There are a few folks like Todd Wood that have been identified as “honest creationists” with the most famous perhaps being Richard Dawkins’ quotes about Kurt Wise:
try as I might, and even with the benefit of intact margins throughout the pages of Scripture, I found it impossible to pick up the Bible without it being rent in two. I had to make a decision between evolution and Scripture. Either the Scripture was true and evolution was wrong or evolution was true and I must toss out the Bible. . . . It was there that night that I accepted the Word of God and rejected all that would ever counter it, including evolution. With that, in great sorrow, I tossed into the fire all my dreams and hopes in science… Although there are scientific reasons for accepting a young earth, I am a young-age creationist because that is my understanding of the Scripture. As I shared with my professors years ago when I was in college, if all the evidence in the universe turns against creationism, I would be the first to admit it, but I would still be a creationist because that is what the Word of God seems to indicate.
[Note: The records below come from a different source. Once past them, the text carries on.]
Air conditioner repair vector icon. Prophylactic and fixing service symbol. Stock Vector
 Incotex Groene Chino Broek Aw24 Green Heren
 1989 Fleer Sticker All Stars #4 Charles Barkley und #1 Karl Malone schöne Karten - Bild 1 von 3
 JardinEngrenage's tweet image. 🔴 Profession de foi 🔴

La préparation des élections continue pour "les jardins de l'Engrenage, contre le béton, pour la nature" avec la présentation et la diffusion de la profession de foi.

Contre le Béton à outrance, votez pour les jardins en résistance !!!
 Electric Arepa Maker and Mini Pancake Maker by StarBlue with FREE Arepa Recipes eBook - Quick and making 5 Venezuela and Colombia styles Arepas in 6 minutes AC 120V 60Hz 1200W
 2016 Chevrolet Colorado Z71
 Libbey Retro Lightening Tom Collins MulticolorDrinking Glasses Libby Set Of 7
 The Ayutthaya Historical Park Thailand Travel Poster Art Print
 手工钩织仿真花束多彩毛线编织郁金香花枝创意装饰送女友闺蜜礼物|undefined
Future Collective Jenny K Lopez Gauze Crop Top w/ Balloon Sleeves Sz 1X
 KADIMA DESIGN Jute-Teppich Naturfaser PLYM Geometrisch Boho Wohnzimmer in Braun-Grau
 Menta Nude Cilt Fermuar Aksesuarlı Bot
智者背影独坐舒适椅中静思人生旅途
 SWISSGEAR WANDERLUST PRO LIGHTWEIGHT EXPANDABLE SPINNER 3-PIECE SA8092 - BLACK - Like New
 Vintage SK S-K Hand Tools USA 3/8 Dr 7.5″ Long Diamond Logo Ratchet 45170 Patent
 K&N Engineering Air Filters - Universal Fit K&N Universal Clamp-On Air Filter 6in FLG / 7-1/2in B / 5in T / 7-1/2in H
Here I must stand.
There are also admission as captured by this BioLogos article:
Given the present state of the evidence, they (Paul Nelson and John Mark Reynolds) “admit that as recent creationists we are defending a very natural biblical account, at the cost of abandoning a very plausible scientific picture of an ‘old’ cosmos. But, over the long term, this is not a tenable position.” Thus, they call on their fellow YECs to “develop better scientific accounts” in order “to remain [a] viable” view.[3] Unfortunately, I see no evidence that this is happening.
I don’t think it is possible to make a tenable YEC cosmology for example without accepting that God made the universe to look old and when we measure and calculate its age, it just so happens to give us 13.8 billion years or so.